The evaluate function also created a data structure called `data`. For each ground truth language, `data` keeps track of which language each string was predicted as.

In [None]:
show_data_structure(data)

## 4.4. Qualitatively analyze the predictions compared to ground truth 

- Using `data`, we can create a visual to help us perform error analysis.

- Run the cell below to call the function `actual_vs_predicted`. It will output a figure called a *confusion matrix* that will show us the number of English samples correctly classified as English, incorrectly classified as German and Dutch, and the same for the other languages. 

- If our model is perfect, the square's diagonal would have `12` in every cell. 

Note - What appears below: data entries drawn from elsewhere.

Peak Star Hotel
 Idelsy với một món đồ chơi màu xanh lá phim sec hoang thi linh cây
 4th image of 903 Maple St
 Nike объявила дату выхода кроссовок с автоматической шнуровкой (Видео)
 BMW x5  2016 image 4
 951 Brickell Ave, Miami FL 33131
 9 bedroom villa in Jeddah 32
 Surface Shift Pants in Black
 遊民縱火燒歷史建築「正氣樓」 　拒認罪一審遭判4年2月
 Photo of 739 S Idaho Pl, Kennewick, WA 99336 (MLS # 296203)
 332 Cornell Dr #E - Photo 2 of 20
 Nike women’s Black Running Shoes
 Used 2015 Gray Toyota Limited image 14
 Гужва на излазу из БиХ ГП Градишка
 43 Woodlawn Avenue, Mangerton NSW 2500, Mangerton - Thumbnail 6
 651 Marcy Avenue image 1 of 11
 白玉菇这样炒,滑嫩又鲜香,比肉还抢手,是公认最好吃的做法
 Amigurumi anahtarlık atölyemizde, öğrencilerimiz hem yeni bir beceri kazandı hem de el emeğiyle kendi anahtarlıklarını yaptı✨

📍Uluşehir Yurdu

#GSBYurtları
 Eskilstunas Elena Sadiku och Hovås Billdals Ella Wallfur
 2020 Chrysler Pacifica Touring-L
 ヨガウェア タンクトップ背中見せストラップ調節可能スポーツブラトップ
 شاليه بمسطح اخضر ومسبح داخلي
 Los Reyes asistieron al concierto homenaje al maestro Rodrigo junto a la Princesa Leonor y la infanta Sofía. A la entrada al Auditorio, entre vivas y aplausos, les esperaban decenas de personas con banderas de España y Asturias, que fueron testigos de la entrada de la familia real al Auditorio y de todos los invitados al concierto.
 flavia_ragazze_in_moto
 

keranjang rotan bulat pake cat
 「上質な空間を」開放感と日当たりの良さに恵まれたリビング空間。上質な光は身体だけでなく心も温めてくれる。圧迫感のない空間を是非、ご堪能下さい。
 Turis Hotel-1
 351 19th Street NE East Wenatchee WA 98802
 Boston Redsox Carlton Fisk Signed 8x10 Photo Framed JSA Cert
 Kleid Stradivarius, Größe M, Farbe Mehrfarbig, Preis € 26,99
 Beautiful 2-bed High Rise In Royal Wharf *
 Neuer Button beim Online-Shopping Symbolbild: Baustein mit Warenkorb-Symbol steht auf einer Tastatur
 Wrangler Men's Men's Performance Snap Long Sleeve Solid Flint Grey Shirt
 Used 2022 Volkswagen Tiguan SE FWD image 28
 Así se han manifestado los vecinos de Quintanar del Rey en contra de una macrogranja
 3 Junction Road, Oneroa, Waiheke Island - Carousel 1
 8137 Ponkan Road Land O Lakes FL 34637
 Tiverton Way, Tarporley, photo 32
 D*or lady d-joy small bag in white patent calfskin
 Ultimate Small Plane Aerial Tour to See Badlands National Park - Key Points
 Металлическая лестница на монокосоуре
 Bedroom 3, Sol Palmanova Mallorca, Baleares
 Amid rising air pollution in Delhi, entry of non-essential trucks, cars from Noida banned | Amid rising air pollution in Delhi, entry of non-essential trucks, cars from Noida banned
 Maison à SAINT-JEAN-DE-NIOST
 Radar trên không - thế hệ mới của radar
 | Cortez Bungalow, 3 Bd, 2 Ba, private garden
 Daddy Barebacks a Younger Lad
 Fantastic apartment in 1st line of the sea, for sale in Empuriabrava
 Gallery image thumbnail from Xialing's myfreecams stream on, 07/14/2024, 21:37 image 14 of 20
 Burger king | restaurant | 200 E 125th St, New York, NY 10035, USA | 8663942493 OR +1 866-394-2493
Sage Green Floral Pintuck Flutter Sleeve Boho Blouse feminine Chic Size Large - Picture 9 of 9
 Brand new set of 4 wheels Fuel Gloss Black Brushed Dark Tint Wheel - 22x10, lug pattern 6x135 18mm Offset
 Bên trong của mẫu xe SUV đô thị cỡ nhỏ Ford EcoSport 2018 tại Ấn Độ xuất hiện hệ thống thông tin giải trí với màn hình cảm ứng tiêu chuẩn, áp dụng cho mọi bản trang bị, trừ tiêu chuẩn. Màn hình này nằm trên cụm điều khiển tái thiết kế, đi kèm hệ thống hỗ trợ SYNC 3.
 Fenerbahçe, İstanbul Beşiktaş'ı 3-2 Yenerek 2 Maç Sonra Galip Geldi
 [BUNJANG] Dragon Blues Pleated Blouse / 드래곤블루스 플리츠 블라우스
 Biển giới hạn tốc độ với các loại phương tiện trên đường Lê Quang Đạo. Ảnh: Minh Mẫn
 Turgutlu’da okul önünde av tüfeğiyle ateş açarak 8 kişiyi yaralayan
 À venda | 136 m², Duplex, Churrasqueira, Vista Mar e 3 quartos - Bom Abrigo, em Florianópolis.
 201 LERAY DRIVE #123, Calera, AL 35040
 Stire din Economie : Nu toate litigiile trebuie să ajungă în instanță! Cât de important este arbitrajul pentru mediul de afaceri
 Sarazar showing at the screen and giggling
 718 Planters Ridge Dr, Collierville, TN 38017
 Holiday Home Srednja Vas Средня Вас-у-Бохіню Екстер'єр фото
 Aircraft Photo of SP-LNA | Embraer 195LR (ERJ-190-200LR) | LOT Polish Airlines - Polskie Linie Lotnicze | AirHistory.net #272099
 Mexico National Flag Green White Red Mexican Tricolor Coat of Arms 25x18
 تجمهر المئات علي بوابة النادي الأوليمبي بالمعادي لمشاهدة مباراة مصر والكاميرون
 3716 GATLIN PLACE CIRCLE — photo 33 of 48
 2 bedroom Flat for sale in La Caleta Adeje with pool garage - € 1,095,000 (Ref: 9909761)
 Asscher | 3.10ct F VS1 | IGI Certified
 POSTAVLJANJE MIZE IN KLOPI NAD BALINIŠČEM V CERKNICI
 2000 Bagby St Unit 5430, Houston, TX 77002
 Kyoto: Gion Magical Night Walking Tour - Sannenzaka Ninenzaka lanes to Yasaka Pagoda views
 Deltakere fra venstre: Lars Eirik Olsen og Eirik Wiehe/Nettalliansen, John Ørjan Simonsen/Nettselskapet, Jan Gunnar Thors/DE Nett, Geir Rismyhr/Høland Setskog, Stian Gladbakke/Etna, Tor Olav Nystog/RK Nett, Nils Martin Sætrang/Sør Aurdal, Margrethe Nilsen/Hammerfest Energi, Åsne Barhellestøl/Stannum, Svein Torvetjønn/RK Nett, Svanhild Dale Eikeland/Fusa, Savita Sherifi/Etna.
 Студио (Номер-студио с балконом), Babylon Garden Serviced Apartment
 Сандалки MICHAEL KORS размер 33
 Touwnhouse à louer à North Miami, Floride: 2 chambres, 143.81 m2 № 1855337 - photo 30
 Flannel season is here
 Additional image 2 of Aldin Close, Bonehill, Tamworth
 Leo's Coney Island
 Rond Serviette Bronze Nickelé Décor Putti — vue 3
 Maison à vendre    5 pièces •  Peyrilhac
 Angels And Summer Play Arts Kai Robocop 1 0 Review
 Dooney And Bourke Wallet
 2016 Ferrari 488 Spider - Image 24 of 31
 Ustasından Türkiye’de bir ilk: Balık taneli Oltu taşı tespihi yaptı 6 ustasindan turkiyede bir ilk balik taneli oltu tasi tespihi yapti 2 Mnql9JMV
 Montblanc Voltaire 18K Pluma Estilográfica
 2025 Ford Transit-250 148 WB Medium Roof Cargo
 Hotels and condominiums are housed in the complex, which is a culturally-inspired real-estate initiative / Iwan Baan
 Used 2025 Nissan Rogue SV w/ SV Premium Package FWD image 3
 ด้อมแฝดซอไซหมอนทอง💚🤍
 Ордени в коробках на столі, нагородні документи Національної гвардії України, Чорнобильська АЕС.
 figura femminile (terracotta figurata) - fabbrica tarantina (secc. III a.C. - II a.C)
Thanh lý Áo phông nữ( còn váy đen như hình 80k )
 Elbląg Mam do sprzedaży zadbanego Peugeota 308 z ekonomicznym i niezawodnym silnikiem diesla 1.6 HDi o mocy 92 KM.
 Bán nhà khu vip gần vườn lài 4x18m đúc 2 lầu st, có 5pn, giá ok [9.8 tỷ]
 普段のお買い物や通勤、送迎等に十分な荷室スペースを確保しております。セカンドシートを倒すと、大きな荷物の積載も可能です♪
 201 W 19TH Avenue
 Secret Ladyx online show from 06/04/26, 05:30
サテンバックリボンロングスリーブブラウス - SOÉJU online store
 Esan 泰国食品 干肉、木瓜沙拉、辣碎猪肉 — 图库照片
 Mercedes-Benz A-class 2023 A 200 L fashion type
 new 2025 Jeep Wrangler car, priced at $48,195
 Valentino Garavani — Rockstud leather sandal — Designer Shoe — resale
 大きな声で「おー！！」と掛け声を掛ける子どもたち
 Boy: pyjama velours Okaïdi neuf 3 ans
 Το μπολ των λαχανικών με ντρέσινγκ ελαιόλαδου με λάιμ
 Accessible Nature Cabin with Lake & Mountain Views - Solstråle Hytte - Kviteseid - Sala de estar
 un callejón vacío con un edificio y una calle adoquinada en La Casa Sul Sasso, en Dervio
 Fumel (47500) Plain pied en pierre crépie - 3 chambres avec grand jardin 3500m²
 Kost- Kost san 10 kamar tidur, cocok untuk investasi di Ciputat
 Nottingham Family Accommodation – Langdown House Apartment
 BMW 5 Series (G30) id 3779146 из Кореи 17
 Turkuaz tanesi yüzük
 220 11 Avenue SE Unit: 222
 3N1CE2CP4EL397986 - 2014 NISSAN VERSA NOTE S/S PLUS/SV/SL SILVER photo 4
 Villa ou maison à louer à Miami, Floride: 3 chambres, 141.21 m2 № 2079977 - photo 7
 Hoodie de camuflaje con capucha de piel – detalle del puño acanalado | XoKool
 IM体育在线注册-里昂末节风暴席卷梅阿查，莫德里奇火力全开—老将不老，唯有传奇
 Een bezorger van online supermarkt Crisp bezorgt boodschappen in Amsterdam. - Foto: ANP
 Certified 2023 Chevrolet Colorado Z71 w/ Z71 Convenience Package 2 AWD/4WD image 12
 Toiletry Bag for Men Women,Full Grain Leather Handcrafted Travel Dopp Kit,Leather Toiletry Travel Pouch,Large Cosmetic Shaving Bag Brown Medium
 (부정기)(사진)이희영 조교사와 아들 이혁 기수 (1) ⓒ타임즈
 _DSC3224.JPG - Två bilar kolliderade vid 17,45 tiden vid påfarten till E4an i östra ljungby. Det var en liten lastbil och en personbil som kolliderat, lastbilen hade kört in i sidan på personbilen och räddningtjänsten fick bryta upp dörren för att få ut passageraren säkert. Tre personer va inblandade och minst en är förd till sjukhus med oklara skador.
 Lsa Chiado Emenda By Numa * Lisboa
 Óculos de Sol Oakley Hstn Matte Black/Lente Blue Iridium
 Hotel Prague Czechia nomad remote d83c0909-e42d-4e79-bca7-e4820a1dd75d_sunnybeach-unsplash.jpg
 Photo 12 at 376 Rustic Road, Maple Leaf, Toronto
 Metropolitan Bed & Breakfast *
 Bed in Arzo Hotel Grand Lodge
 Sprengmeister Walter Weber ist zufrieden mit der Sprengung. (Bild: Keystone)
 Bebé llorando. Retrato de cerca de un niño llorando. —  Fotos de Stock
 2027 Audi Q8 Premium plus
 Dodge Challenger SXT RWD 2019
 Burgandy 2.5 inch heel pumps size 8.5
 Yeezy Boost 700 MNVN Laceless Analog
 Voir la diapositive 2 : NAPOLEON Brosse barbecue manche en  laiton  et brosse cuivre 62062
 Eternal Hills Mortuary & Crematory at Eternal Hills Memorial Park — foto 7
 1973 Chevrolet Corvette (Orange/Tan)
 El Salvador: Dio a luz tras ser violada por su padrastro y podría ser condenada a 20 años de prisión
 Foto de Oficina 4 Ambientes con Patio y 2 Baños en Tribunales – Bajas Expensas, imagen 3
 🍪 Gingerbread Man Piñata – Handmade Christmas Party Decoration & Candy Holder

- The function `actual_vs_predicted_text(data)` will output descriptive text for the matrix to help you interpret this matrix.

In [None]:
actual_vs_predicted(languages, data)
actual_vs_predicted_text(data)

## 4.5 Documentation - paste the confusion matrix into your experiment template.

# 5. Analysis

Did your model operate perfectly? Likely, there are at least a few errors. Use the space below to study the predictions made by your model. Try to answer the following questions with your analysis, and document in your template:

### 1. Are there clear differences between the strings that the model predicted **English** correctly, and the strings the model incorrectly predicted to be **German** for English strings instead?
### 2. Are there clear differences between the strings that the model predicted **English** correctly, and the strings the model incorrectly predicted to be **Dutch** for English strings instead?
### 3. Are there clear differences between the strings that the model predicted **German** correctly, and the strings the model incorrectly predicted to be **English** for German strings instead?
### 4. Are there clear differences between the strings that the model predicted **German** correctly, and the strings the model incorrectly predicted to be **Dutch** for German strings instead?
### 5. Are there clear differences between the strings that the model predicted **Dutch** correctly, and the strings the model incorrectly predicted to be **English** for Dutch strings instead?
### 6. Are there clear differences between the strings that the model predicted **Dutch** correctly, and the strings the model incorrectly predicted to be **German** for Dutch strings instead?
### 7. If you were to modify your preprocessing steps, what do you think you could do to improve the model?
### 8. Can you think of another possible model for language detection that might work better?


In [None]:
'''
use the space below to code to help you answer these questions
'''

# 6. If you beat the random baseline, you have established a *better* baseline! Can you beat your new baseline? If you did not beat the random baseline, try to get a better one!

Go back and try to make some fixes to your model to beat your baseline!! Document your experiments in the template under the **Attempt 2 - beat the baseline** slide.